Paddy and I attended the November Robinson Helicopter Company Safety course at Torrance, California, one of 15 that they are currently running each year in that location alone. The weather out there is extraordinarily good, with only 35 days of rainfall a year, and of these days only five are stormy. It really is very conducive to helicopter flying.

On my arrival, it was exciting to see three lady pilots out of a total of 40 students – no doubt well above average for the helicopter industry! We had not fully expected that the majority of the class would be commercial pilots, and thus relatively experienced already. Many had taken advantage of the post 911 GI bill to take up flight training. In fact, there were only three other private pilots in the class, a slightly worrying reflection on the state of GA flying, especially when you think that the Robbie is the dominant helicopter for PPL(H) pilots and the weather conditions nigh on perfect. The nationality spread was mostly US, but also Brazil, Switzerland and Italy.

The course we took was conducted at the Robinson factory, the Mecca for Robinson owners. We had been previously introduced to Tim Tucker, course architect and their Chief Pilot, when he was over at HQ Aviation doing the first ever UK-based course there with Q Smith. Tim told us that 14,000 pilots have been through the course since it started in the 80s.

                           The Robinson Factory is a prime destination for private helicopter owners.

The course originally set out to try and deal with the problem of owners coming to collect their new aircraft and subsequently having an accident soon after taking delivery, often when flying their helicopter back to their home base. In the 80s the purchase and collection of a new helicopter was naturally a cause for celebration (as it is today) so new owners were wined and dined for a few days in Torrance before flying their shiny new machine home.
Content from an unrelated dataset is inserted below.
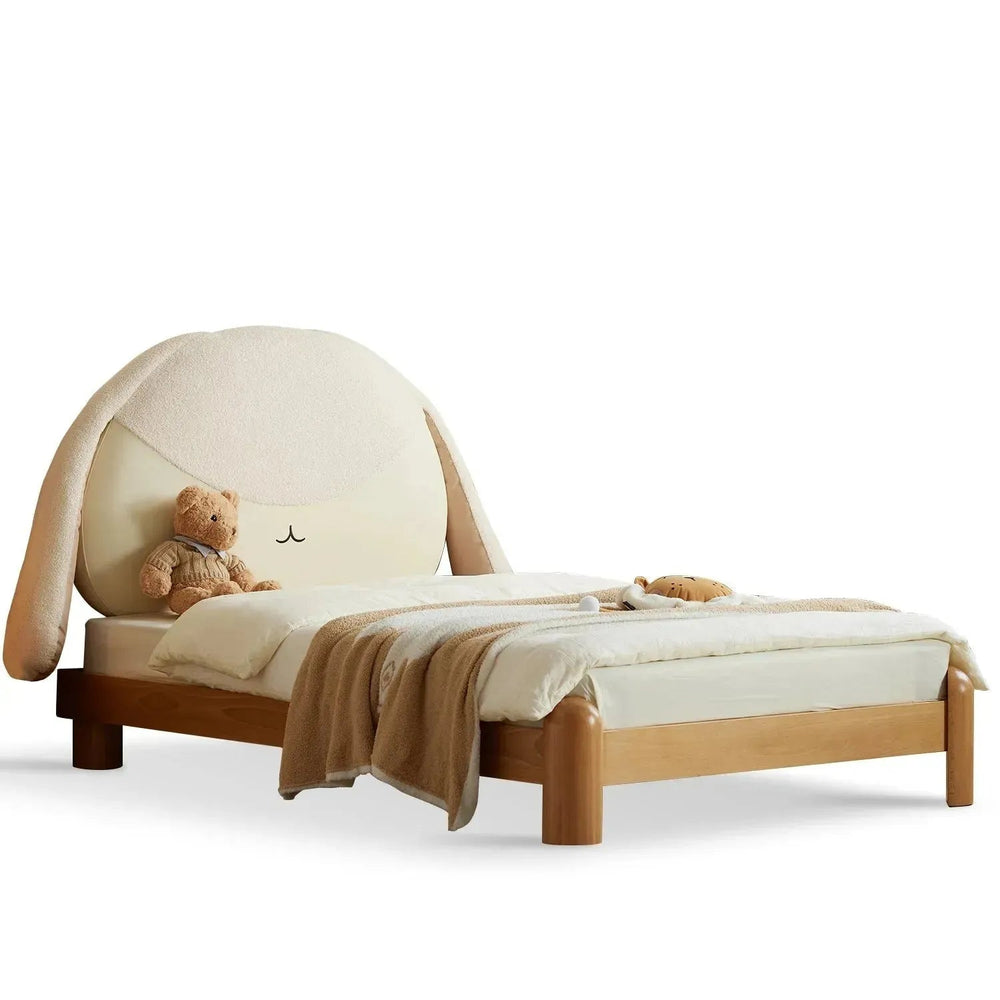 Cream wood kids bed bunny in white background.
We heard tragic stories where the management would be told the next day that the people they’d taken out to supper the night before had never made it home.
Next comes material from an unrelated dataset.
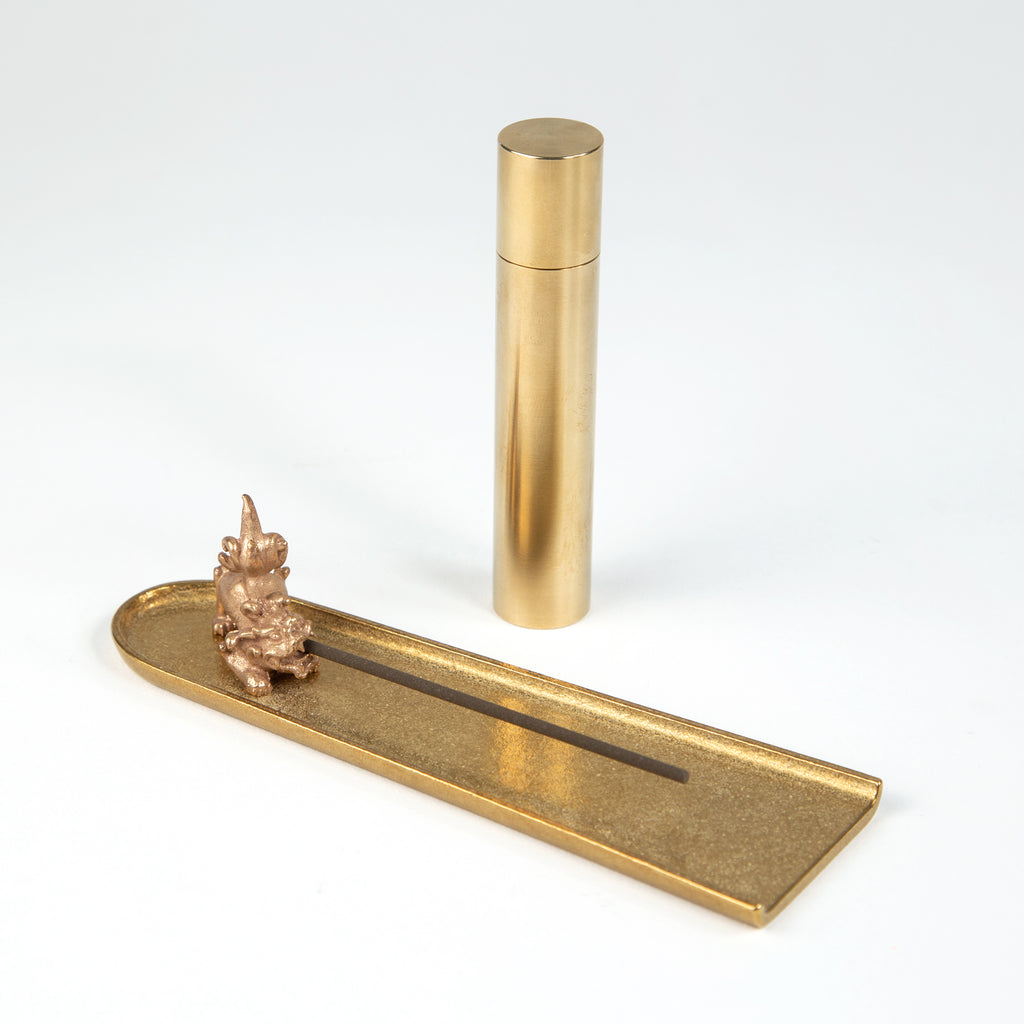 Brass Lion Incense Holder Set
New rules were thus introduced at the factory to prevent pilots flying away machines without a number of strict criteria – must attend a safety course, must be current and must have conducted landings and take-offs above 5,000 feet density altitude. Tim Tucker reported that he – Chief Pilot – was even prevented from doing taxiing from one end of the runway to the other as he did not have a certificate of attendance for his own safety course!

Day One

The first day starts, as do the subsequent days, with coffee and doughnuts. An engaging introductory speech was delivered by Kurt Robinson, one of Frank’s three sons, who then handed over to Tim Tucker, the CFI of RHC. Tim has a wonderful calm delivery; he leans on the lectern and with the help of video clips (of varying quality), he launches into a description of the disasters waiting in the shadows for the unwary, unprepared, careless or maybe just unlucky.

In every case the chain of events that led to catastrophe could be traced back to a seemingly innocuous trigger, invariably to do with judgement rather than skill. The very fact we flew helicopters puts us into a risk-taking subclass of humans, thus tainted with the associated character flaws.

Everyone in the room was asked to raise their hand if they knew someone who had been killed in a helicopter accident. Most of the room raised their hands. When asked if that accident was completely unexpected only about half raised their hands. Hence the concept of ‘scary pilots’ – the ones that are in a hurry and don’t have time for planning or are overconfident may be
skilled but probably lack judgement. We all rather hoped we did not fit that demographic. That being said, Robinson also know that attendees to the safety course have a much reduced accident rate. We all heaved a collective sigh of relief, only to be launched into a series of harrowing narratives of fatal accidents.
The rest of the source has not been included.